Each record below is to be copied word for word, with pictures removed.

---------- Extracted records ----------

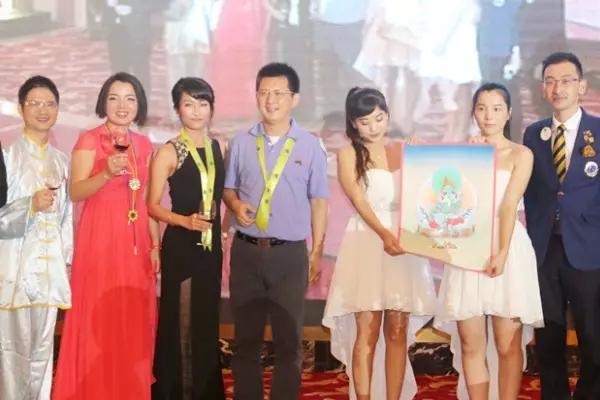 作品《唐卡》拍得善款18萬元！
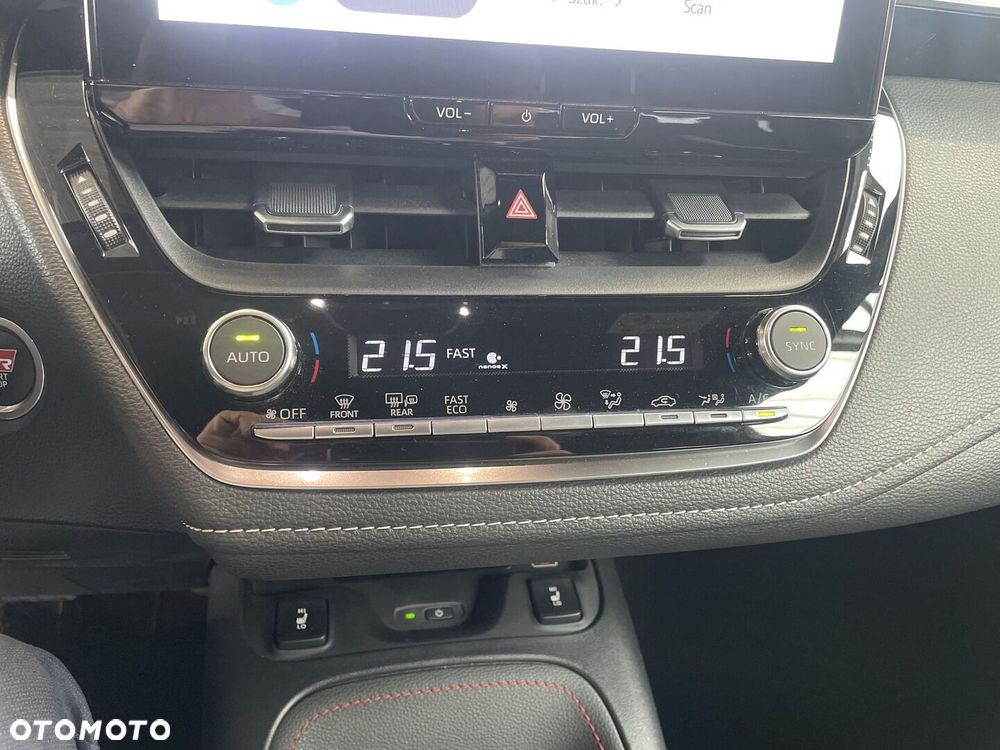 Toyota Corolla - 26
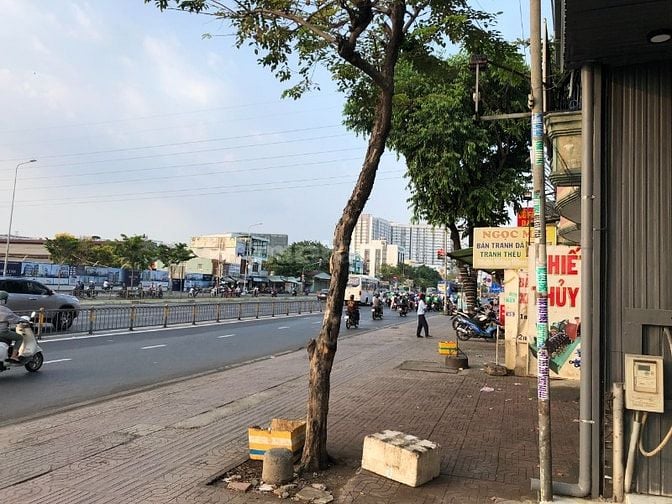 Cho thuê mặt bằng 122 m2 đường Kinh Dương Vương-  Q. BÌNH TÂN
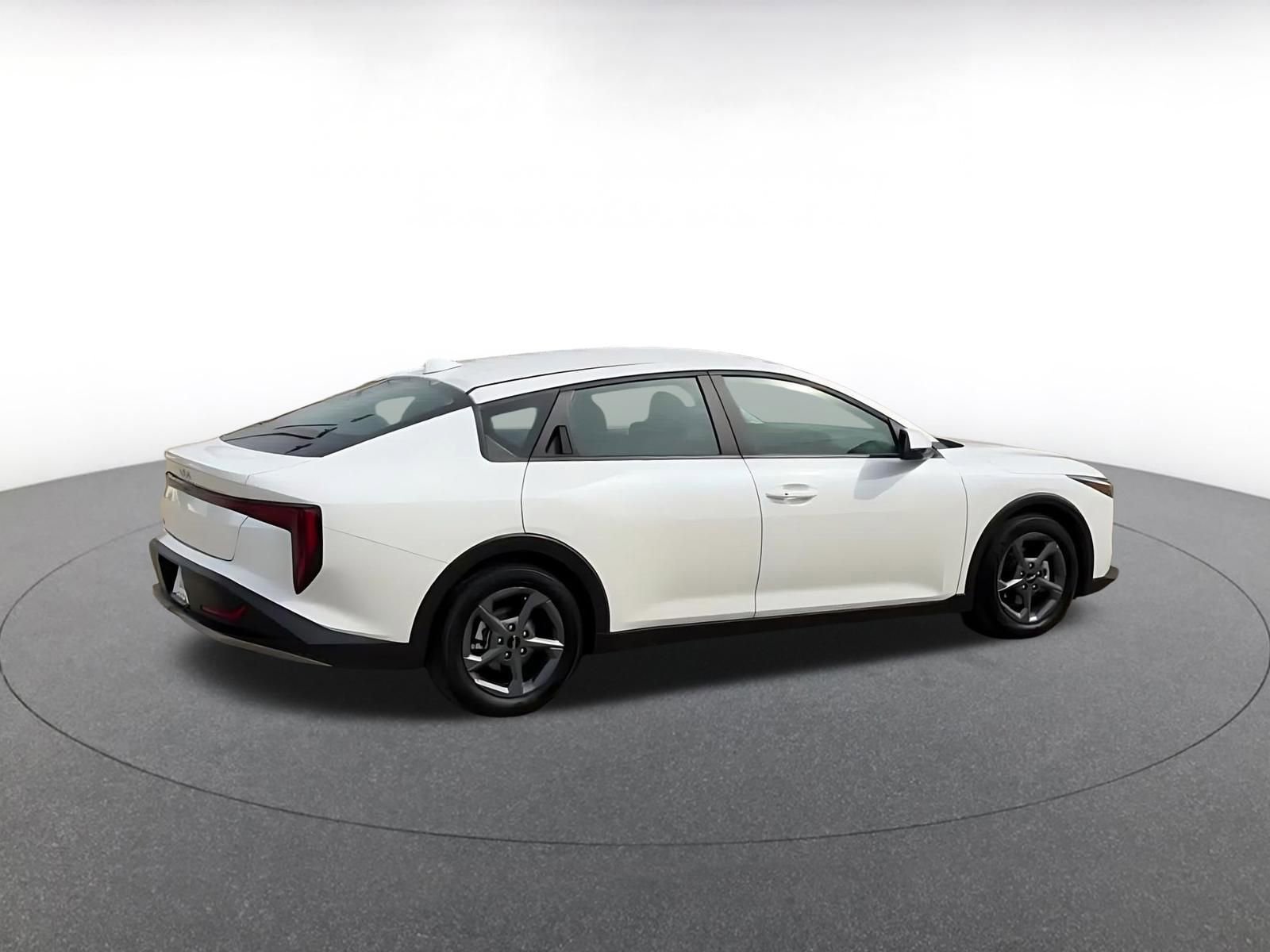 Used 2025 Kia K4 LXS image 15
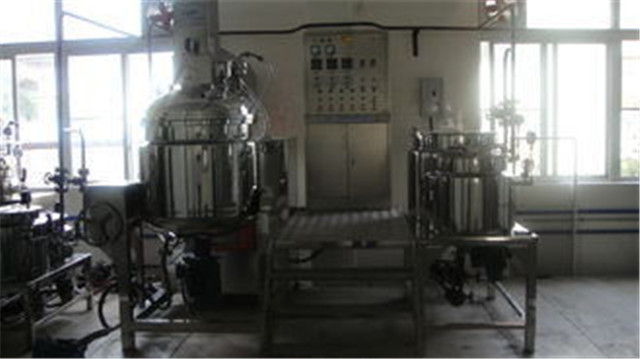 full view of  vacuum emulsifying mixer emulsifier.jpg
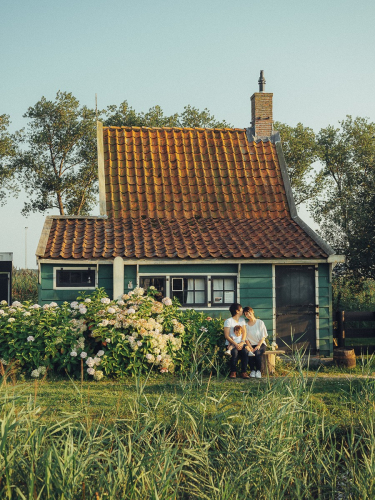 Outdoor Family Photos at Zaanse Schans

----------

### Exercise response
 作品《唐卡》拍得善款18萬元！
 Toyota Corolla - 26
 Cho thuê mặt bằng 122 m2 đường Kinh Dương Vương-  Q. BÌNH TÂN
 Used 2025 Kia K4 LXS image 15
 full view of  vacuum emulsifying mixer emulsifier.jpg
 Outdoor Family Photos at Zaanse Schans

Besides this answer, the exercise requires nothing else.